SPORTING CHANCE: HEADLINE ARBITRATION RULINGS
Sport Resolutions: doping in tennis
On 4 April 2024, professional tennis player Jannik Sinner tested positive for a substance banned by the World Anti-Doping Agency. A mandatory provisional suspension was imposed with immediate effect by the International Tennis Integrity Agency. Sinner filed an urgent appeal for the immediate lifting of the suspension and an independent tribunal was convened on 15 August 2024. The hearing concluded that the player bore no responsibility for the presence of the substances in his system, as a widely available spray used to treat cuts and scrapes was the source of the substance, and the ban was lifted.
Court of Arbitration for Sport: too many shares
In August 2025, CAS dismissed Crystal Palace FC’s appeal against UEFA, which had demoted the club from the 2025/26 UEFA Europa League to the UEFA Conference League. The panel found that owner John Textor held shares and exercised decisive influence over both Crystal Palace and Olympique Lyonnais simultaneously. Both had qualified for the Europa League for the forthcoming season, which caused a breach of UEFA regulations.
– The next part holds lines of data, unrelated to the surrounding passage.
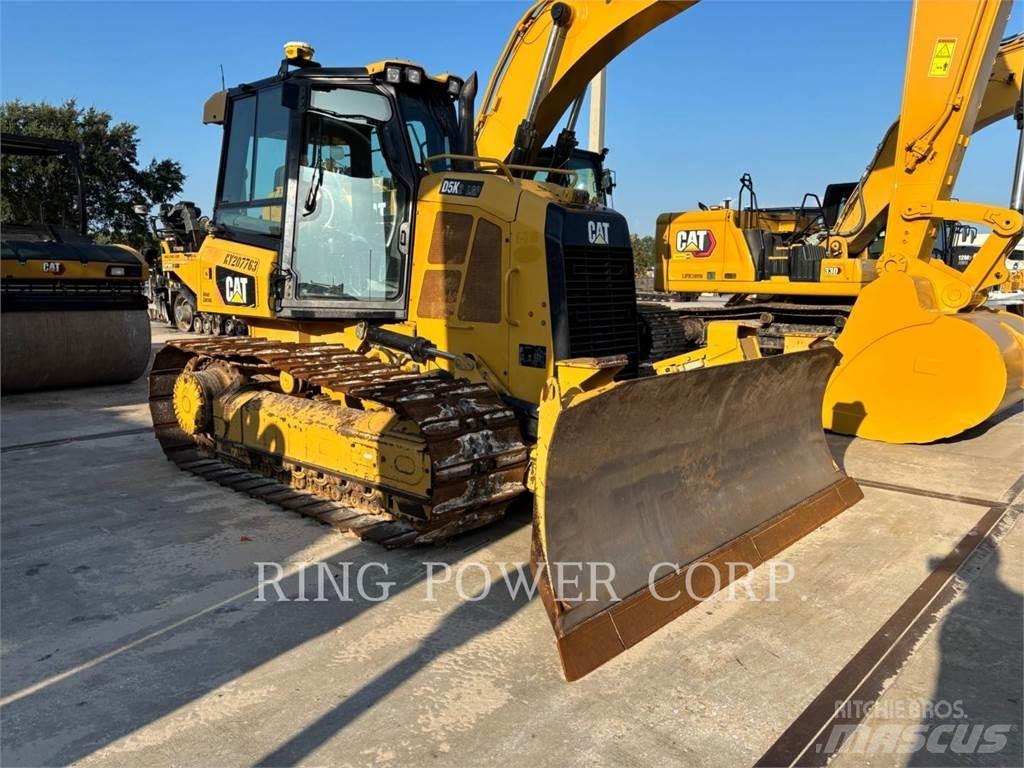 CAT D5K2LGPCAB Crawler dozers
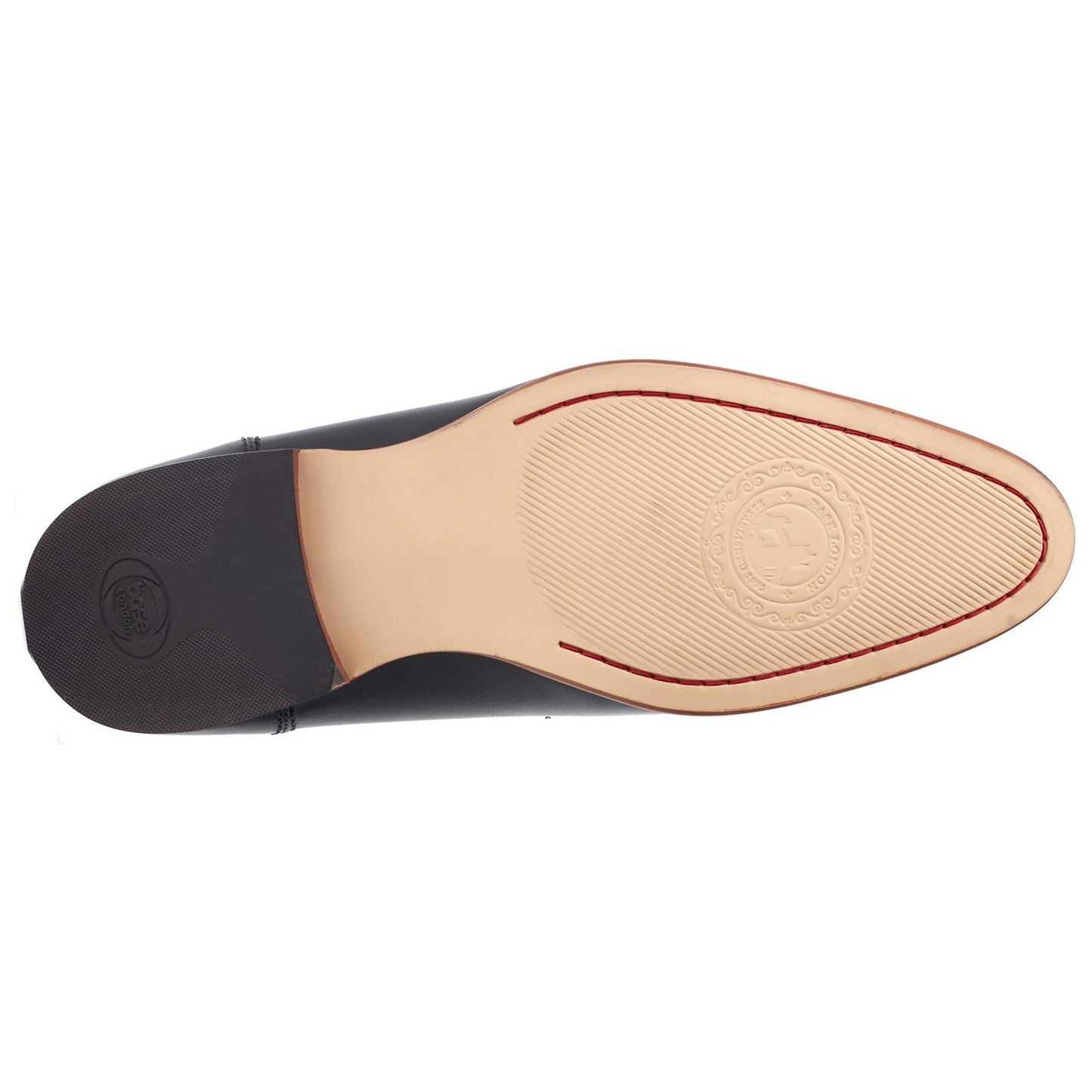 RUSSO Mens Shoes Black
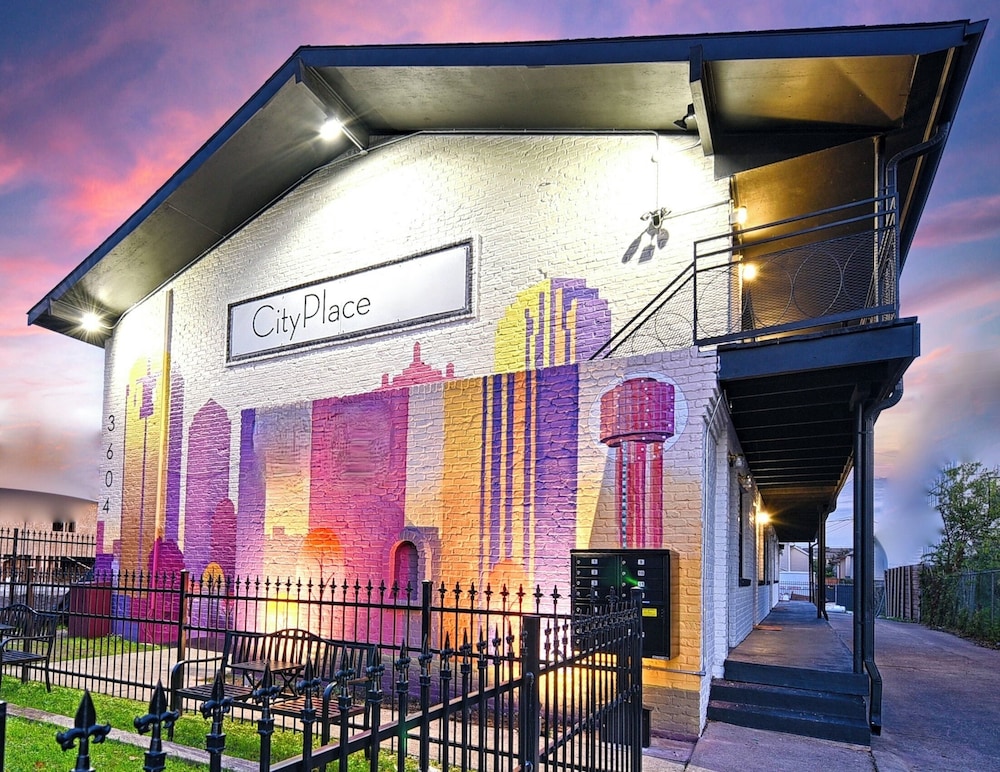 CityPlace bnb — 4-Star Luxury Hotel in Dallas, United States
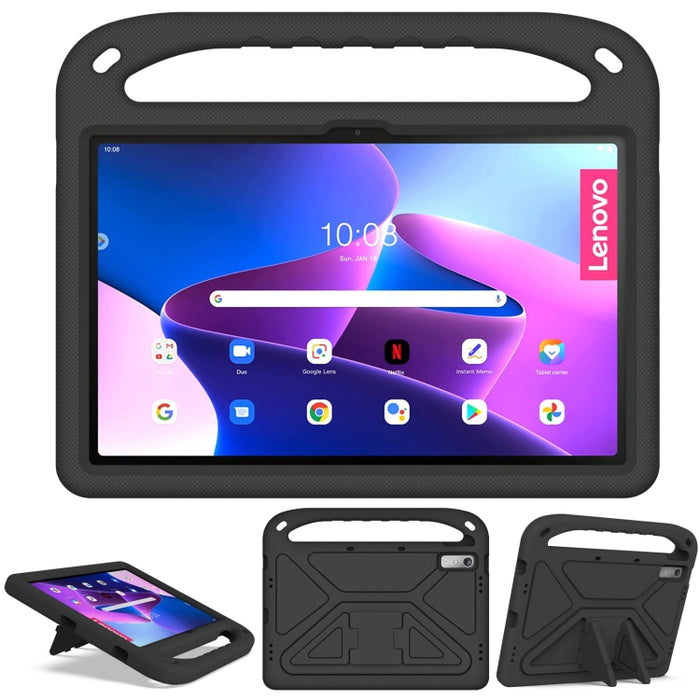 Handle Portable EVA Shockproof Tablet Case, For Lenovo Pad Pro 2021 TB-J716F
In a twist of fate, Crystal Palace won the Conference League.
Court of Arbitration for Sport: maternity rights
In June 2026, Swedish footballer Maja Göthberg had her claim of unlawful employment termination against Lazio Women upheld after the club withdrew a new contract offer upon learning she was pregnant – the first claim of its kind at CAS. Lazio was in breach of FIFA’s maternity regulations. CAS also found that the club had shared details of her pregnancy to her teammates without her consent. CAS ordered Lazio to pay Göthberg €64,000 plus interest as salary compensation, and €5,333 plus interest for the infringement of her private medical information.